My Phrag. warcewiczianum 'Medusa' received a HCC of 79 pts. This is from a selfing of the clone 'Orchidview' FCC.

Ramon 

Phrag. warcewiczianum 'Medusa' HCC


----------



## SlipperKing (Jun 12, 2013)

I wonder why only a HCC? It looks far better then that. 3 spikes?


----------



## SlipperFan (Jun 12, 2013)

Maybe flower count? But what a beauty!


----------



## goldenrose (Jun 12, 2013)

:clap::drool::smitten::clap::drool::smitten:


----------



## JeanLux (Jun 13, 2013)

Congrats!!!! Beauties, these flowers, and the pics !!!! Jean


----------



## likespaphs (Jun 13, 2013)

fantastic!


----------



## rdlsreno (Jun 13, 2013)

SlipperFan said:


> Maybe flower count?
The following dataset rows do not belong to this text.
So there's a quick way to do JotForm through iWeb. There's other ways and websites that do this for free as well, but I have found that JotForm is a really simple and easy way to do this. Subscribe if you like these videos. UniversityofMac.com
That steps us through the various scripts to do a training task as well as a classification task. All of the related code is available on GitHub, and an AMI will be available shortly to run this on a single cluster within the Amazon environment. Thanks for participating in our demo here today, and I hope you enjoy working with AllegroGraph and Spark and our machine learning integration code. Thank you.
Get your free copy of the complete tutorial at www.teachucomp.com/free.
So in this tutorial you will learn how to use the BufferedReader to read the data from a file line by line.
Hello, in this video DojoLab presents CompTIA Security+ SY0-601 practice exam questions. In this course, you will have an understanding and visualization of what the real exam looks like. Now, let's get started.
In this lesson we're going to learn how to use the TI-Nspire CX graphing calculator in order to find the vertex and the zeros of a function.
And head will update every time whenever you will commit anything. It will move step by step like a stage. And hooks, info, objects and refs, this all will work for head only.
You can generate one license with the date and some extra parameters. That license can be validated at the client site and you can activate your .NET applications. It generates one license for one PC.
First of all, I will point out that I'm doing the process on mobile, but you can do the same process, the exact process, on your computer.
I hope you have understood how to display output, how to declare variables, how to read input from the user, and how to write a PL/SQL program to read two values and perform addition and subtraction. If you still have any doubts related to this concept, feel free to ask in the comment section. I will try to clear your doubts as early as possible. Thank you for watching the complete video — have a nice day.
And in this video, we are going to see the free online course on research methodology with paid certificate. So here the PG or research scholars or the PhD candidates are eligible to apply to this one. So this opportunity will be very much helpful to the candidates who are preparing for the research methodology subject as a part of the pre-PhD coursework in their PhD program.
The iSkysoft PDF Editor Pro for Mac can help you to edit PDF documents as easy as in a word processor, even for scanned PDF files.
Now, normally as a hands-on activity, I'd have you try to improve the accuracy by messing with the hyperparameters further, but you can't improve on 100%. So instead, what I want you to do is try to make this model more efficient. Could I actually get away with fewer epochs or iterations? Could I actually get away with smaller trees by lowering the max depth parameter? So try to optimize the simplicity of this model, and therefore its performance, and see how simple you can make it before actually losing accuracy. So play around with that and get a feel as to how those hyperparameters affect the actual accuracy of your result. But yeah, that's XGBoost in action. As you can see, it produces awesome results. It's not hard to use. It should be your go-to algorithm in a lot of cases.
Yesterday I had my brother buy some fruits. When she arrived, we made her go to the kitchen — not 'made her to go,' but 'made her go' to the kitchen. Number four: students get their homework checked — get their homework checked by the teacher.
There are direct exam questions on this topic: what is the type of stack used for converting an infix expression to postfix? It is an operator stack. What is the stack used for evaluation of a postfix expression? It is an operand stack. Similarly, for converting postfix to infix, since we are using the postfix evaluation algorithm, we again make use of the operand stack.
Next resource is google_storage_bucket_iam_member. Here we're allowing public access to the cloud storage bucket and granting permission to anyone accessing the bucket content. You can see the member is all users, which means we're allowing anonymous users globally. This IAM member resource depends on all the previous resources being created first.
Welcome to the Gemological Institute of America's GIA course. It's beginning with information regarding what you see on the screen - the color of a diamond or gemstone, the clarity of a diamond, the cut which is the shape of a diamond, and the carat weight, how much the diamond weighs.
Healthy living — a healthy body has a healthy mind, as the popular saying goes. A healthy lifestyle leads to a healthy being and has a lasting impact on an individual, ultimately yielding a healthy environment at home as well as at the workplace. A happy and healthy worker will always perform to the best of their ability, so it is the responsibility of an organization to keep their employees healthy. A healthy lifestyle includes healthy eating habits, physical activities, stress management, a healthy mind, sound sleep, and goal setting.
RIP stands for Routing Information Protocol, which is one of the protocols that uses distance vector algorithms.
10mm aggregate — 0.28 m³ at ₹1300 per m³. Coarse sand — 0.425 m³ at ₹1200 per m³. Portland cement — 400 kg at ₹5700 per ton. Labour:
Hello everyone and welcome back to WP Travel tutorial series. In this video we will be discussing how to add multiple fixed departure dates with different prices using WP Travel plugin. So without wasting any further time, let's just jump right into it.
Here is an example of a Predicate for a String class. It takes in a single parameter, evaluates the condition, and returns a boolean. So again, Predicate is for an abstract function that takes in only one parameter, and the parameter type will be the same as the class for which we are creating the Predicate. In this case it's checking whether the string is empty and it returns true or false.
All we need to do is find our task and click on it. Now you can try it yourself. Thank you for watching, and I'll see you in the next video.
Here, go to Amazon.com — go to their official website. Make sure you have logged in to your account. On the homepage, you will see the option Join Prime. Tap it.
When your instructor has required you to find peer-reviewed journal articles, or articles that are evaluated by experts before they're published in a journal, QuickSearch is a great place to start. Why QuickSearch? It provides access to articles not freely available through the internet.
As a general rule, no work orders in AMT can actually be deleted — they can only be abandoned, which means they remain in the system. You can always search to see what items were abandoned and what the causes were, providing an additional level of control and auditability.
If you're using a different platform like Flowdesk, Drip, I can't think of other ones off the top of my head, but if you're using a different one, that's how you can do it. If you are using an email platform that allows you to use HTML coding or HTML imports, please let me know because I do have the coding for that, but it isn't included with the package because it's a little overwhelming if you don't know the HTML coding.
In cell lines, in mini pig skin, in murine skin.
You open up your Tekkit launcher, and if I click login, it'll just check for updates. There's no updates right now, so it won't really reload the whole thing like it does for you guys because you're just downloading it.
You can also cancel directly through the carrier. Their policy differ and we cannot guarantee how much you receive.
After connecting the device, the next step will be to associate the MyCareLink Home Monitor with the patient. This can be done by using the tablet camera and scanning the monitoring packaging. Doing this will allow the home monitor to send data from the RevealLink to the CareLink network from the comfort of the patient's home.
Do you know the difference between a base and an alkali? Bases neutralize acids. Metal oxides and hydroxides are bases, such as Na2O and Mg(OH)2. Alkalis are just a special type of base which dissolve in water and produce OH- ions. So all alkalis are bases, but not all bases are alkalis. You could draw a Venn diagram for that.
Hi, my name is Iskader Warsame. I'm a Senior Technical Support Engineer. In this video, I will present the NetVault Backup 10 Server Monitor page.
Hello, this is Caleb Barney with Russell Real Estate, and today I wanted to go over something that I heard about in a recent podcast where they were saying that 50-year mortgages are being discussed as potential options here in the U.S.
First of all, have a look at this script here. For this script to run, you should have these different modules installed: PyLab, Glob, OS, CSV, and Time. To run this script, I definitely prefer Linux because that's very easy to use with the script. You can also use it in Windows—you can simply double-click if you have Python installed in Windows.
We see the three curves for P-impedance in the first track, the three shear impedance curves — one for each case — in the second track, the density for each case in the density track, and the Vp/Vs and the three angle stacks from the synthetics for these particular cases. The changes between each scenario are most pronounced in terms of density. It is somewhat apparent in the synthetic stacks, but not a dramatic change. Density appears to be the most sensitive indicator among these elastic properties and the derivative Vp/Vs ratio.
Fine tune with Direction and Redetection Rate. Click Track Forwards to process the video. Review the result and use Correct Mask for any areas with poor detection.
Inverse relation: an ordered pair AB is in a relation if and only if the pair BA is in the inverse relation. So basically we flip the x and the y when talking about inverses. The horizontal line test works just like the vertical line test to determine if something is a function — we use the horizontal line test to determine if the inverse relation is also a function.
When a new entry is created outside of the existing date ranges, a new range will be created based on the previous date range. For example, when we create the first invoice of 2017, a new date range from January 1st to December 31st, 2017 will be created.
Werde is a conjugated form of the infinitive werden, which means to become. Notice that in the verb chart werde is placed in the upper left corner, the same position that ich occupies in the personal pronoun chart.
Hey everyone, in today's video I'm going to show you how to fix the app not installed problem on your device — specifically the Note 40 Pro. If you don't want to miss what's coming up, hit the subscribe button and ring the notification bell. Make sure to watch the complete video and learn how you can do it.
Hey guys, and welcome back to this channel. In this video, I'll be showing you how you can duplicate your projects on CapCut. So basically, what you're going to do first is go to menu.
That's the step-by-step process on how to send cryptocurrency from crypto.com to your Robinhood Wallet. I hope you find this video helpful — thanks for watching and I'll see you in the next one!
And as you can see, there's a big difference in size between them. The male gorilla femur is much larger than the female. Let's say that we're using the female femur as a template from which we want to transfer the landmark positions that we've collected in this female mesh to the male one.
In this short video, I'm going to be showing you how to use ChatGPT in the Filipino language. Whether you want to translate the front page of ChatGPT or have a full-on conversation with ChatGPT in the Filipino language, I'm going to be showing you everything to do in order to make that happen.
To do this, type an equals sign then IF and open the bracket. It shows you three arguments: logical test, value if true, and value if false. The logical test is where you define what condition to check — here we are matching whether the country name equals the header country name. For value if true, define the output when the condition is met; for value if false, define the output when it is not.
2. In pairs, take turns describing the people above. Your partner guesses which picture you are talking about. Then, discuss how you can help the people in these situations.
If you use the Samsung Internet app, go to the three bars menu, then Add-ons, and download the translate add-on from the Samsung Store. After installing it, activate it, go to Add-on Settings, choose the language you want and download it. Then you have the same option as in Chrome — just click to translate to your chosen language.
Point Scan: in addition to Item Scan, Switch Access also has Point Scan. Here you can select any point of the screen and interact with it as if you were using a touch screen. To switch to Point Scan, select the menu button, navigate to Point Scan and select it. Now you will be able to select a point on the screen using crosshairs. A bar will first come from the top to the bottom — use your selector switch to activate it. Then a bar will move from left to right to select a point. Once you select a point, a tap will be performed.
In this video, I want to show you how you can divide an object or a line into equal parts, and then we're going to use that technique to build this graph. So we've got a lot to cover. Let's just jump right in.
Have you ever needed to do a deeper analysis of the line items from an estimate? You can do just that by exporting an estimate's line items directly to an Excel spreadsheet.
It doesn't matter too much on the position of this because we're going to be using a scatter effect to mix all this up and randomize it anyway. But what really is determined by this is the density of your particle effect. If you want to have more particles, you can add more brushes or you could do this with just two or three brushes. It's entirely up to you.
But what a beauty!



I think so too since the 'Orchidview' FCC had four flowers on one spike.

Ramon


----------



## ehanes7612 (Jun 13, 2013)

size too..these can have some huge flowers (pouch and sepals)
..but from the picture looks like a solid AM to me


----------



## jjkOC (Jun 13, 2013)

Ooooh Ahhhhh...


----------



## Rick (Jun 13, 2013)

Beautiful
Need to breed this one Ramon!


----------



## SlipperFan (Jun 13, 2013)

rdlsreno said:


> I think so too since the 'Orchidview' FCC had four flowers on one spike.
> 
> Ramon


Yes -- and I forgot to congratulate you, so congratulations!!!


----------